→ RAW DATA:
● ● ●

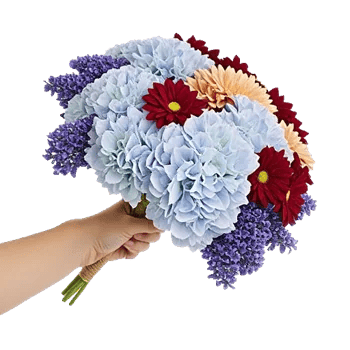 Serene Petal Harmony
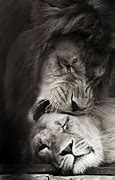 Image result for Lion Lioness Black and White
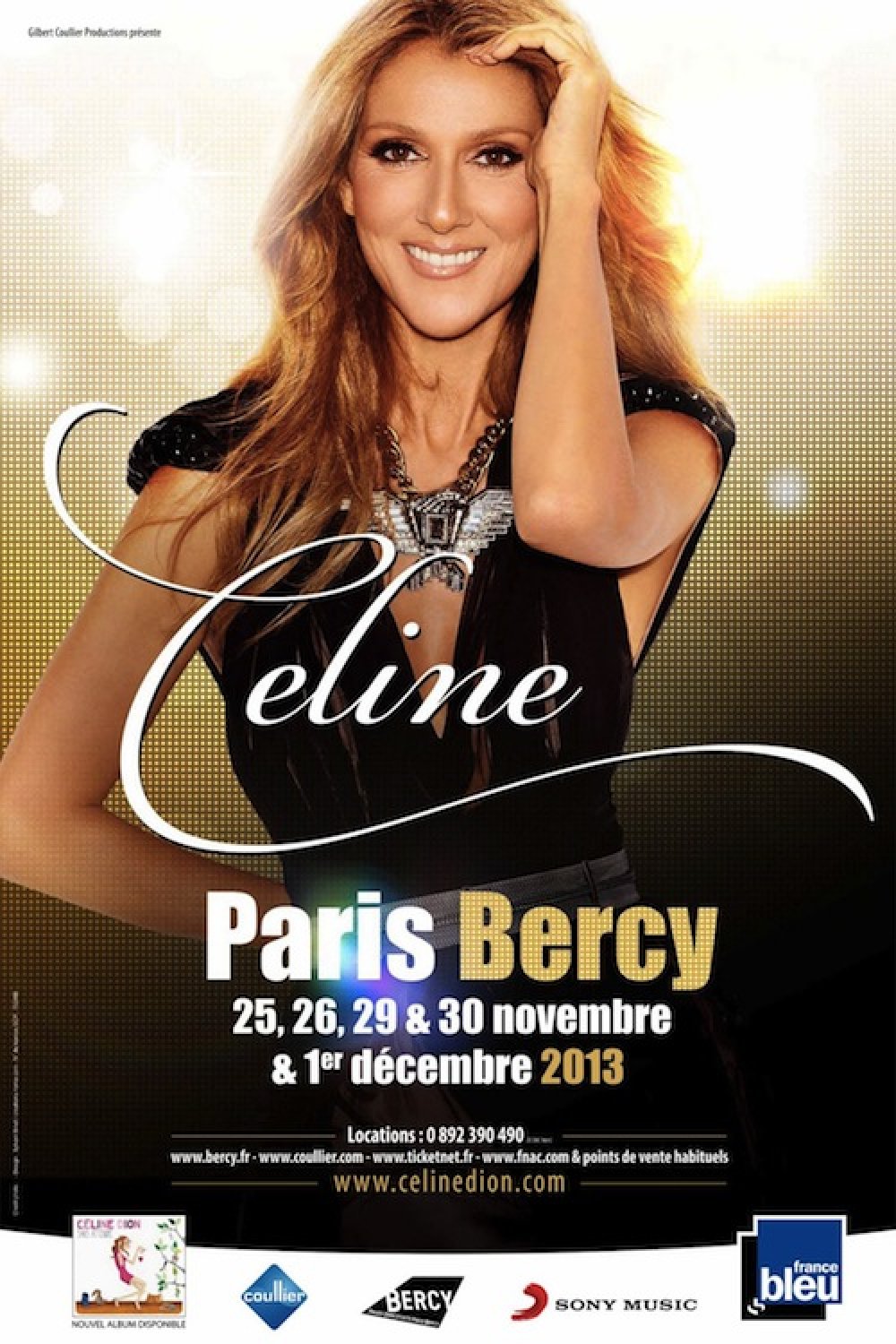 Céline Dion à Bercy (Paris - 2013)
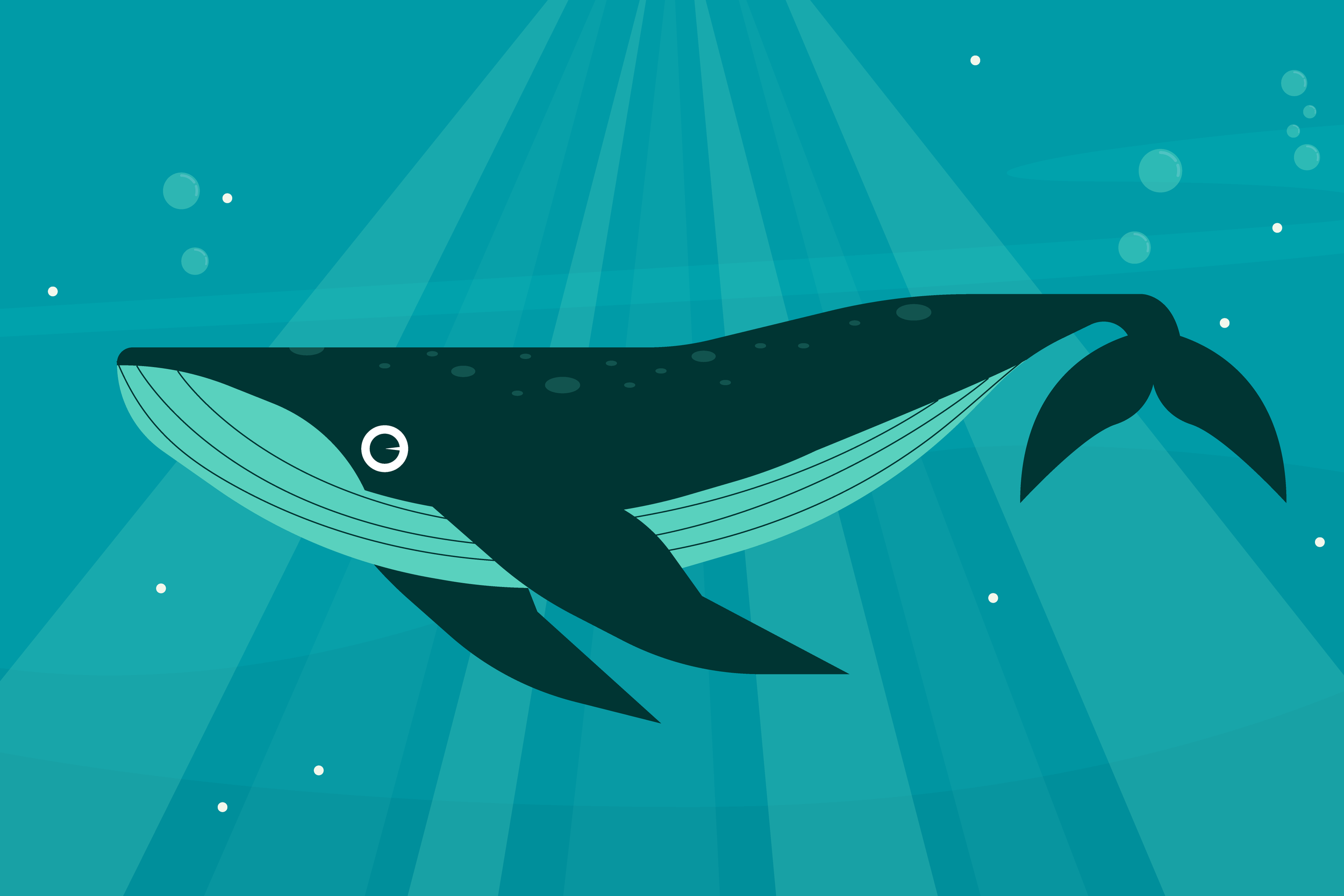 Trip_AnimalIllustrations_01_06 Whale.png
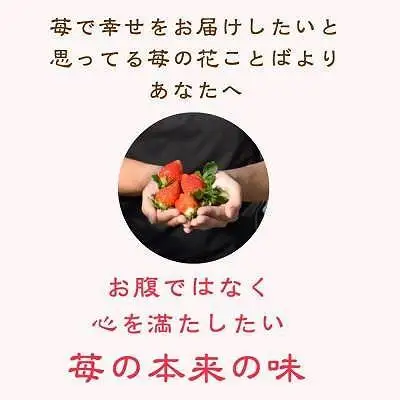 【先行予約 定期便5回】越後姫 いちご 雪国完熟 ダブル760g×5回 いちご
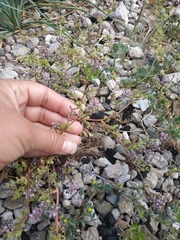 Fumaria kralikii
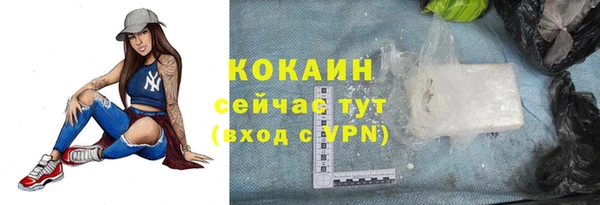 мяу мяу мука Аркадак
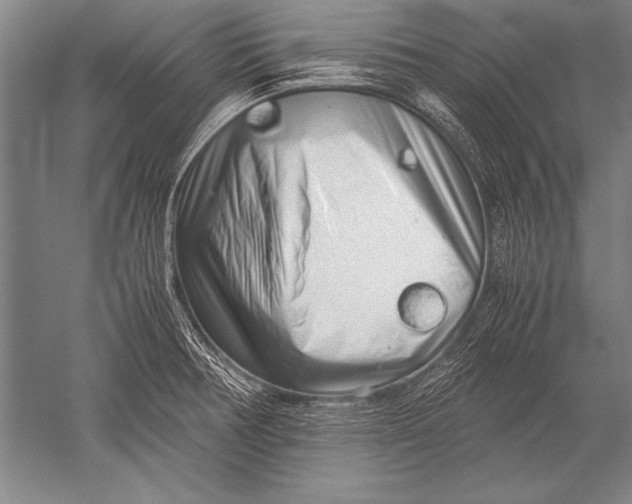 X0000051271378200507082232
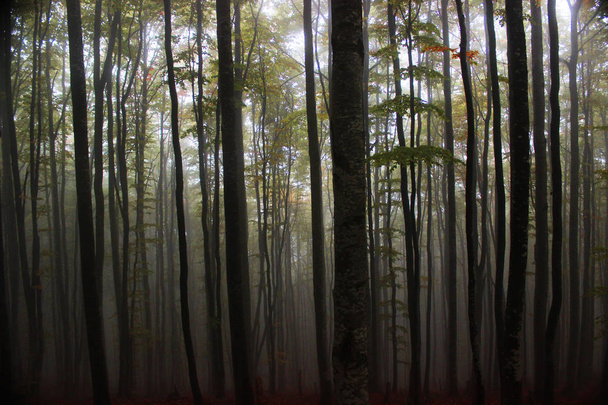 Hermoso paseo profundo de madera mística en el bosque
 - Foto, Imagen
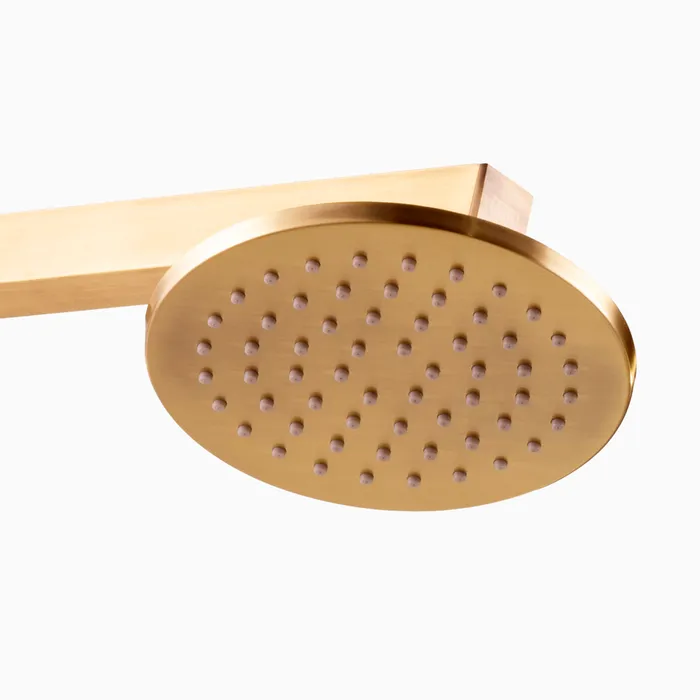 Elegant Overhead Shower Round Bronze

● ● ●

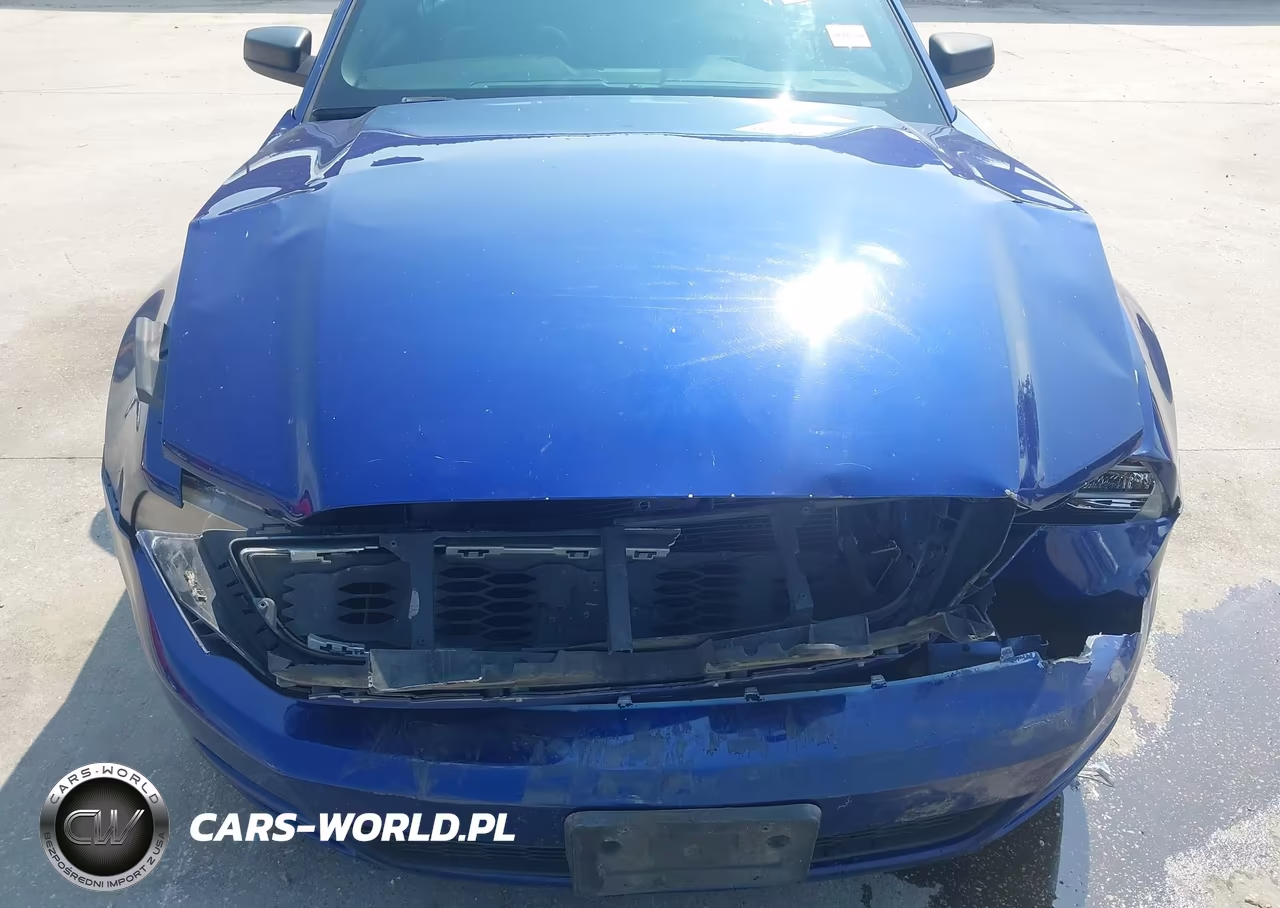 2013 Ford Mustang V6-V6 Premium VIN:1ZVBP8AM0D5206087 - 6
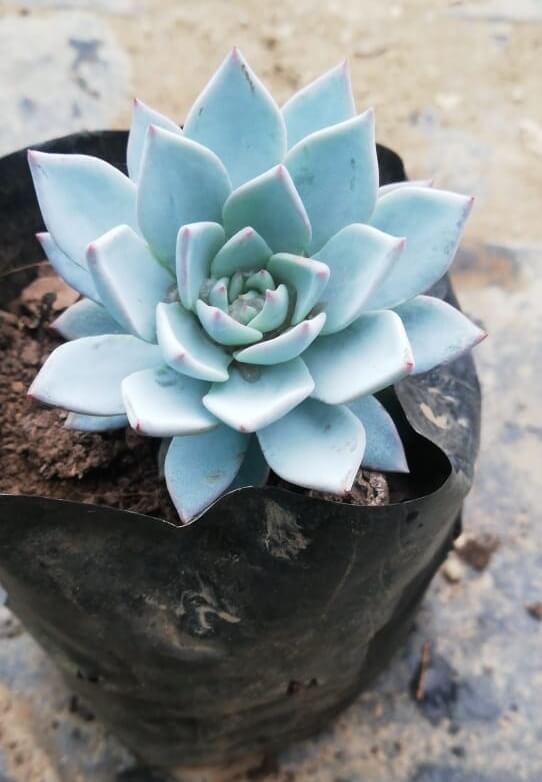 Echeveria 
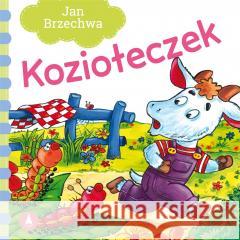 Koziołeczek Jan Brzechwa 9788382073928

● ● ●

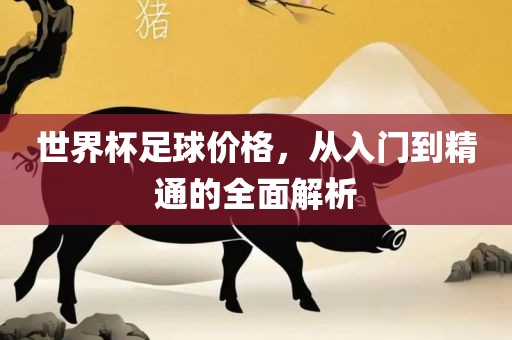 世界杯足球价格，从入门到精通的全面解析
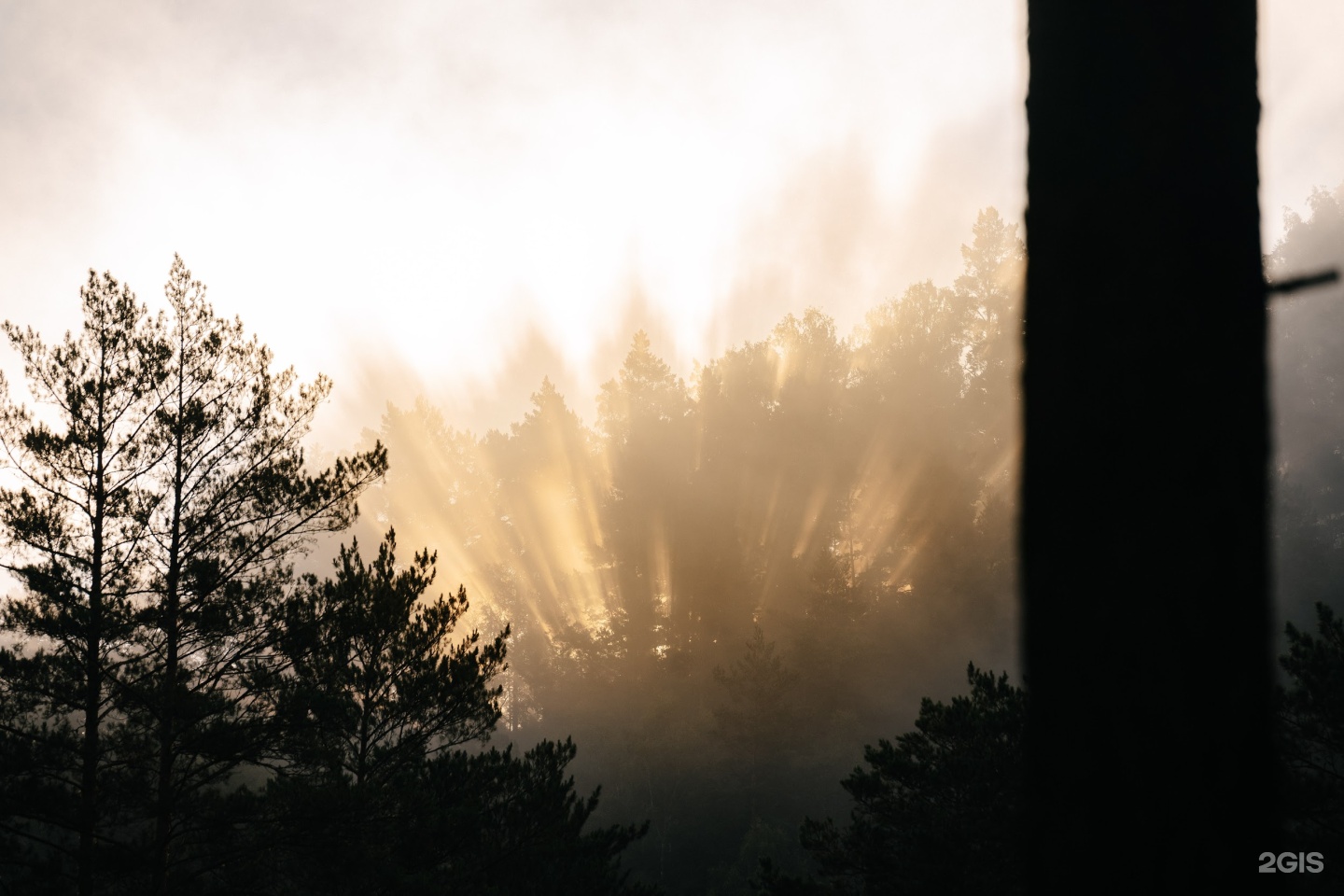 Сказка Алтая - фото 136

● ● ●

→ ACTIVITY:
Having found the line with "雪国完熟 ダブル760g×5回 いちご" and the line with "Elegant Overhead Shower Round Bronze" in the material above, write out exactly those two and every line between, leaving the pictures out.

→ REPLY:
 【先行予約 定期便5回】越後姫 いちご 雪国完熟 ダブル760g×5回 いちご
 Fumaria kralikii
 мяу мяу мука Аркадак
 X0000051271378200507082232
 Hermoso paseo profundo de madera mística en el bosque
 - Foto, Imagen
 Elegant Overhead Shower Round Bronze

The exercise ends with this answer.